__Exercise details__. The entries shown here must be retyped in full, with no pictures included.

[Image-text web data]
Content starts
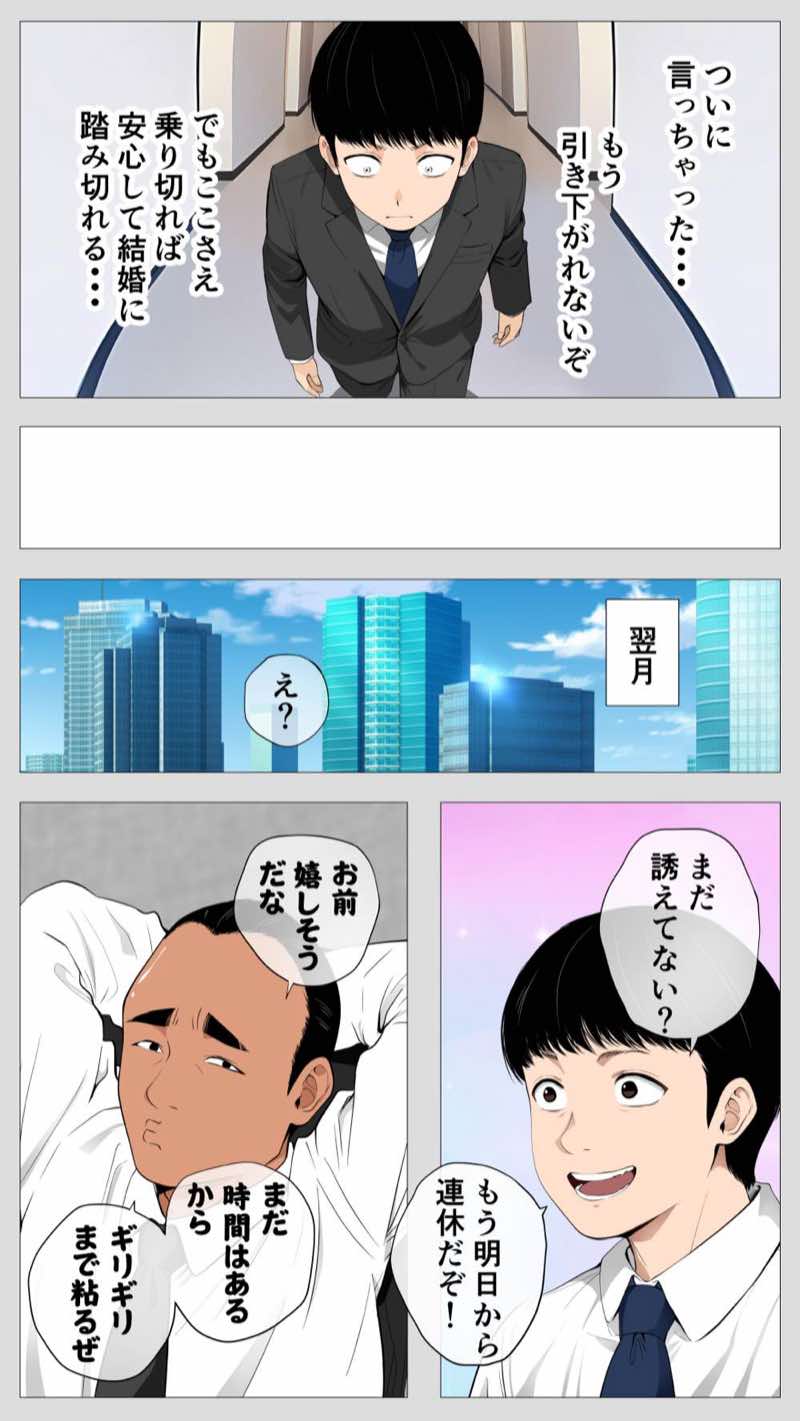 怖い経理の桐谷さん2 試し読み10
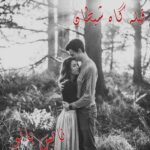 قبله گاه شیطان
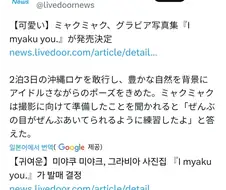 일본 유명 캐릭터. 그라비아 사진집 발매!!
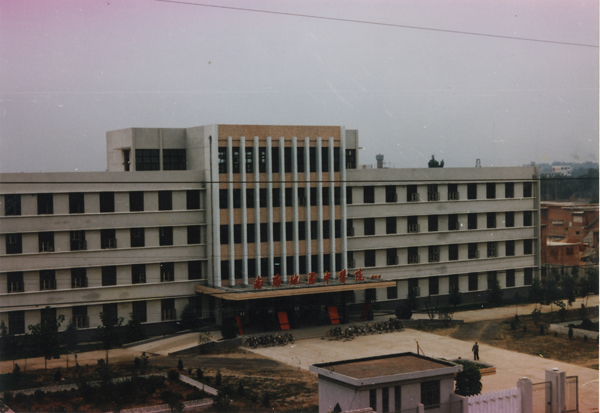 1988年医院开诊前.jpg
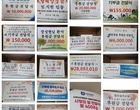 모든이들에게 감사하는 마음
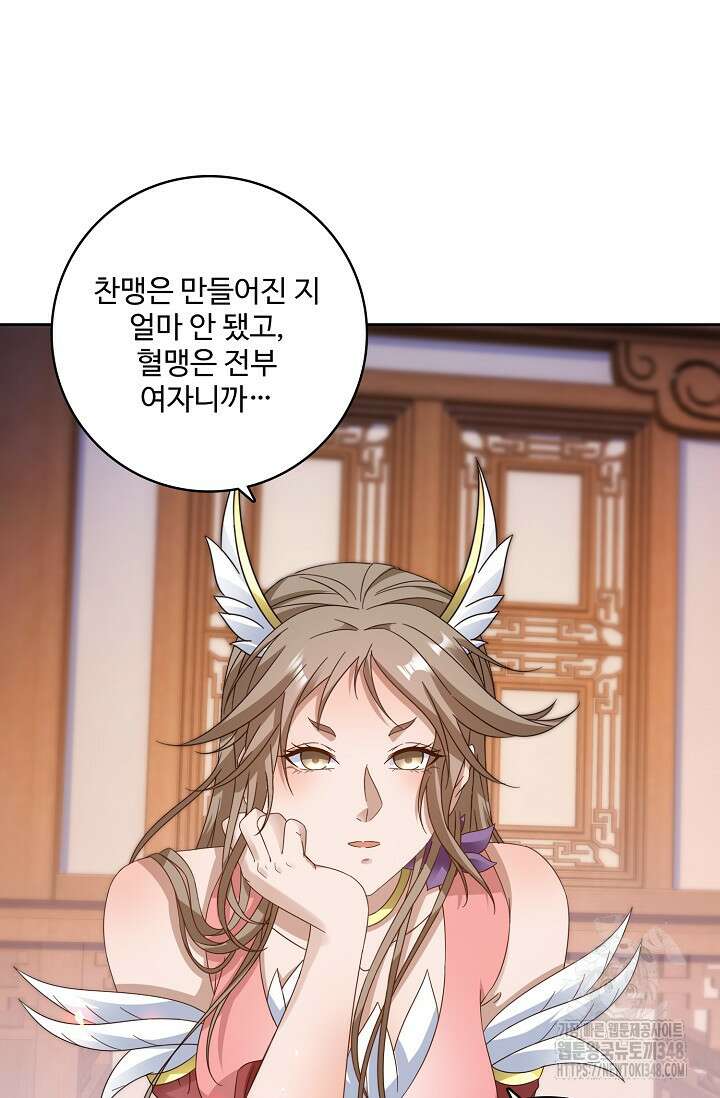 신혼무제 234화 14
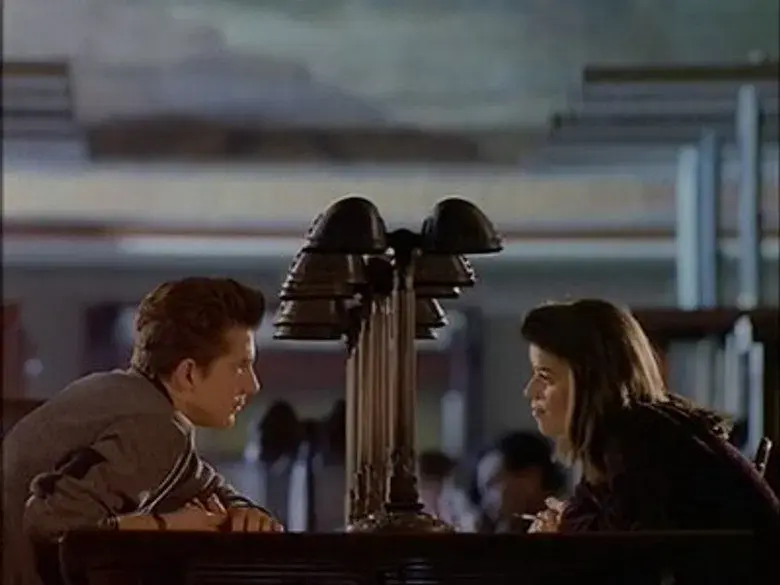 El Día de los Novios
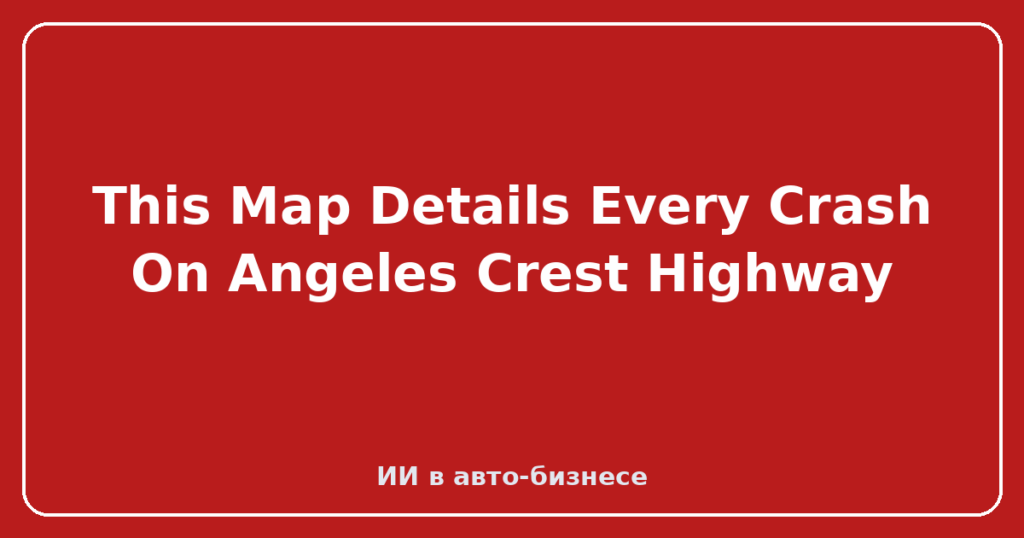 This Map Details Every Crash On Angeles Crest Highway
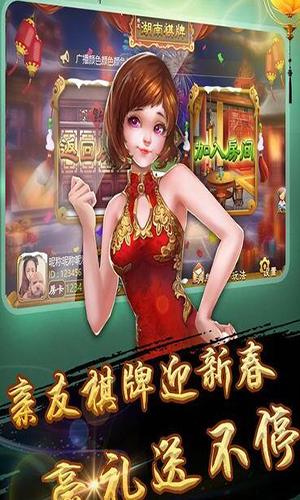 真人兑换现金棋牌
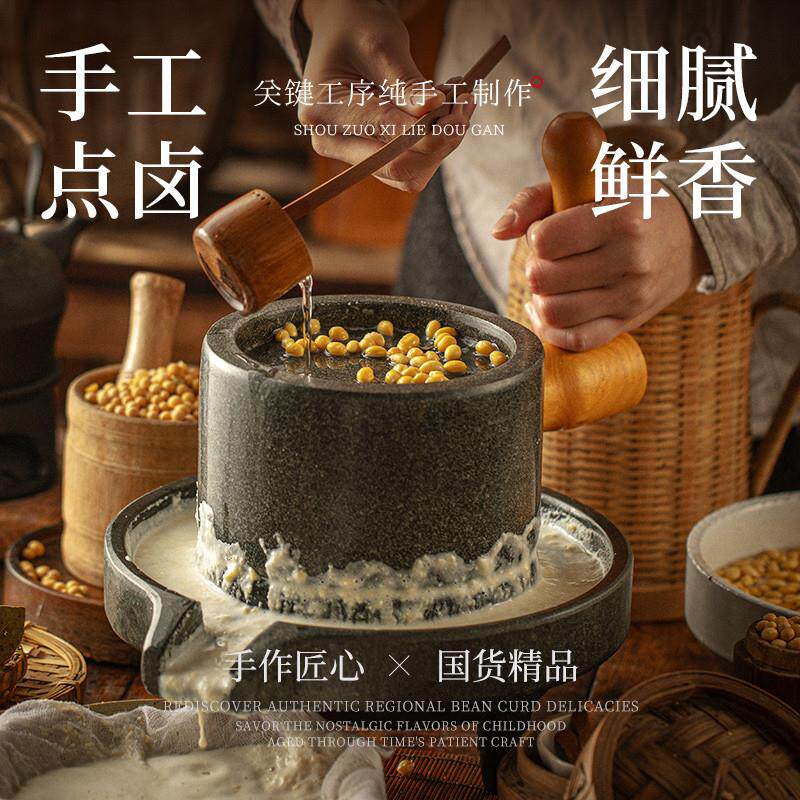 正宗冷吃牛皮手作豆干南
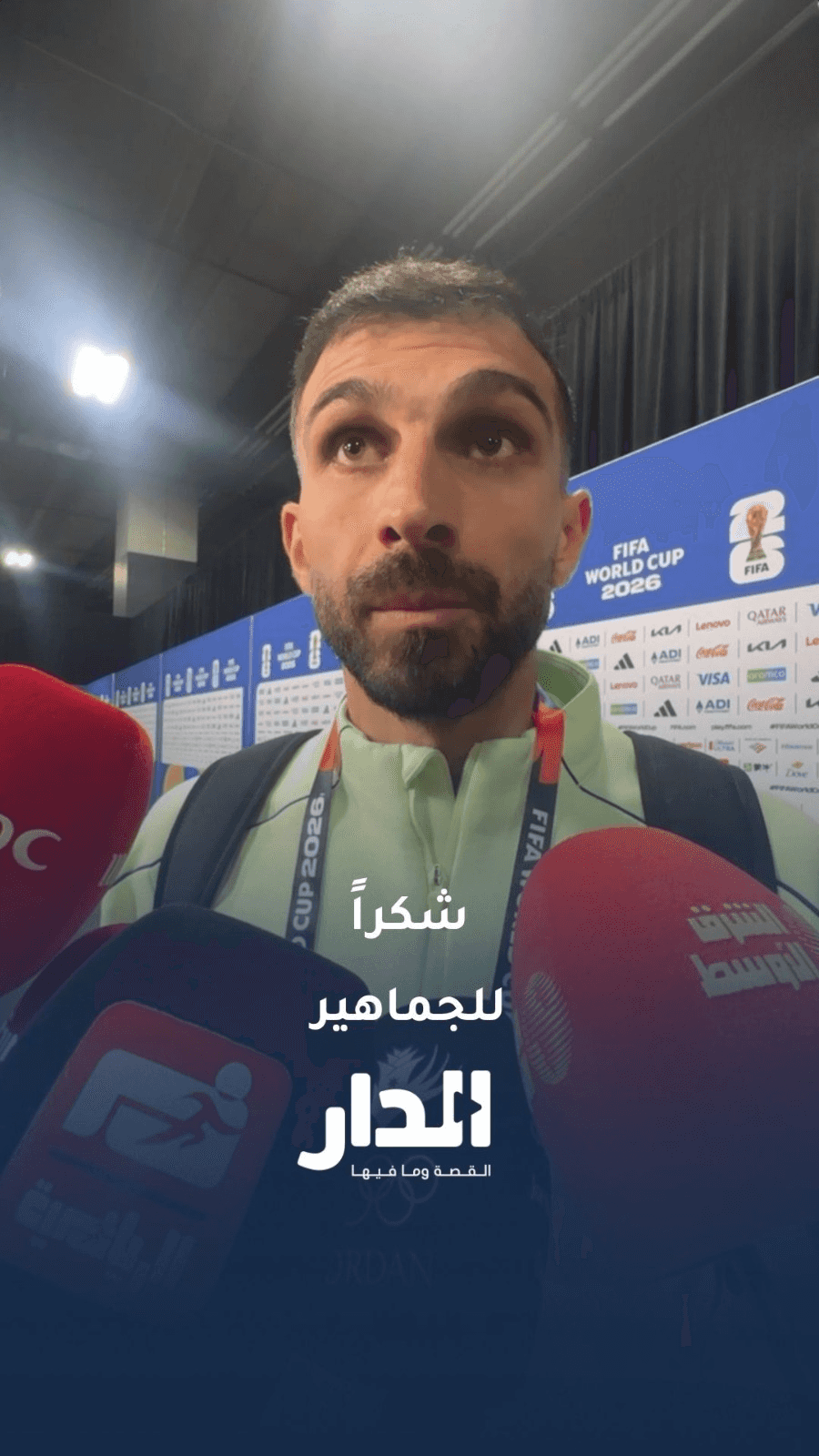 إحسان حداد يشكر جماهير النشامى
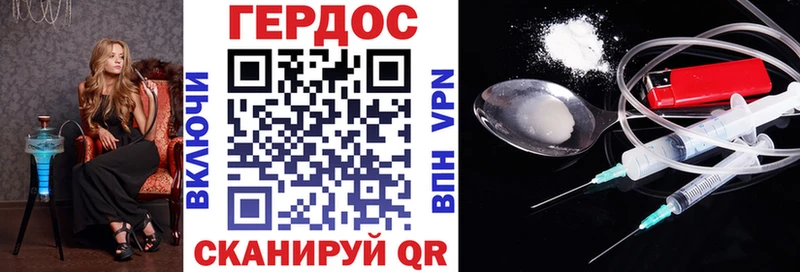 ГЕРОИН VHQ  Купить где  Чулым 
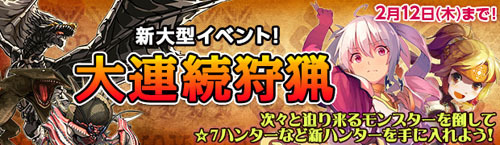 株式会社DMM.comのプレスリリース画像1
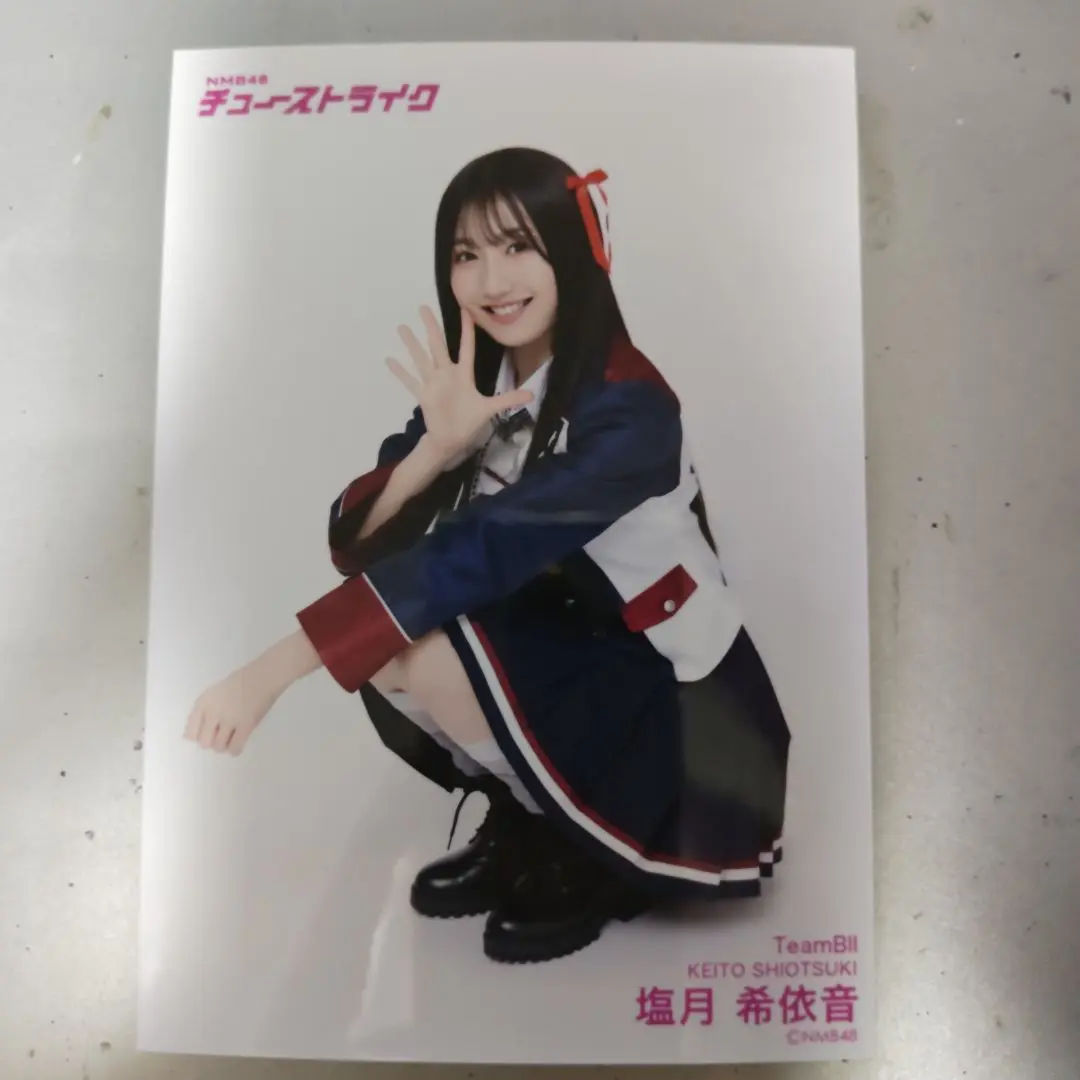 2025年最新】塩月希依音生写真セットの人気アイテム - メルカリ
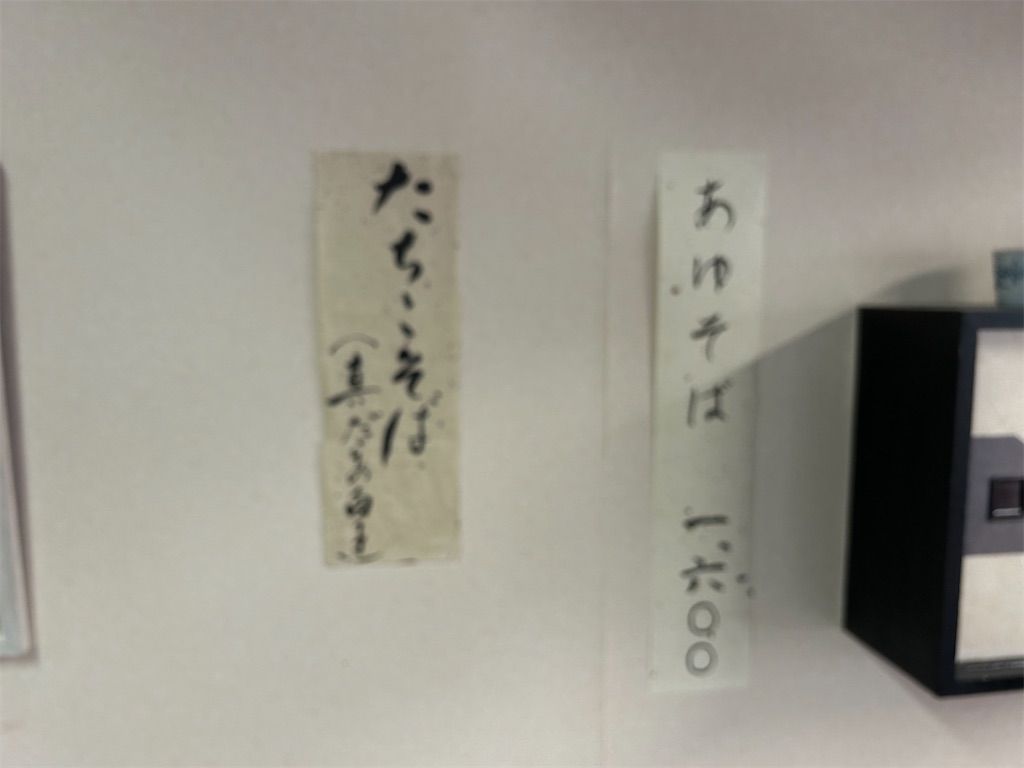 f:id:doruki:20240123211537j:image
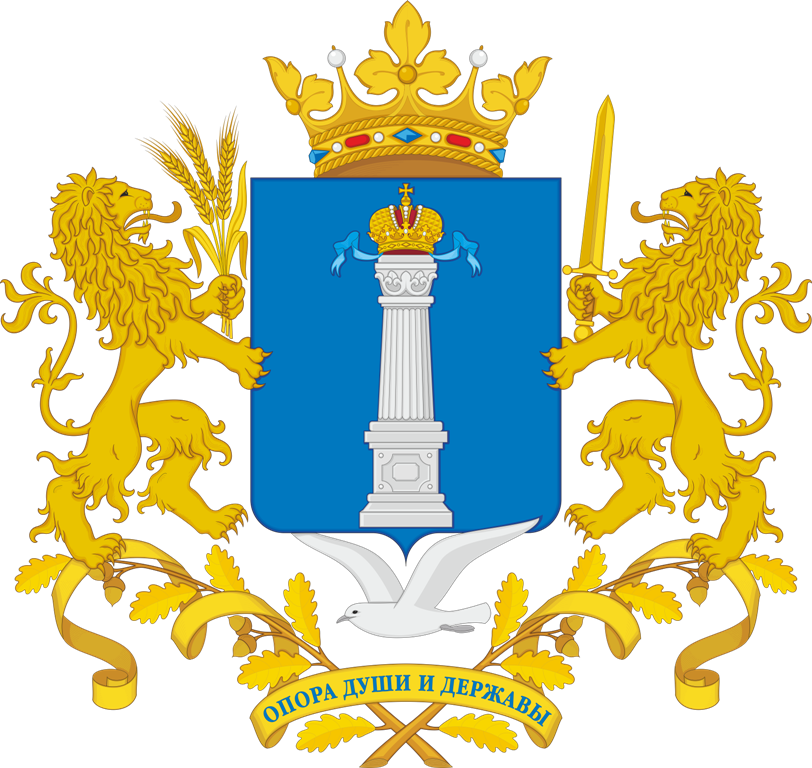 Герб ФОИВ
Content ends
__Exercise result__.
 怖い経理の桐谷さん2 試し読み10
 قبله گاه شیطان
 일본 유명 캐릭터. 그라비아 사진집 발매!!
 1988年医院开诊前.jpg
 모든이들에게 감사하는 마음
 신혼무제 234화 14
 El Día de los Novios
 This Map Details Every Crash On Angeles Crest Highway
 真人兑换现金棋牌
 正宗冷吃牛皮手作豆干南
 إحسان حداد يشكر جماهير النشامى
 ГЕРОИН VHQ  Купить где  Чулым 
 株式会社DMM.comのプレスリリース画像1
 2025年最新】塩月希依音生写真セットの人気アイテム - メルカリ
 f:id:doruki:20240123211537j:image
 Герб ФОИВ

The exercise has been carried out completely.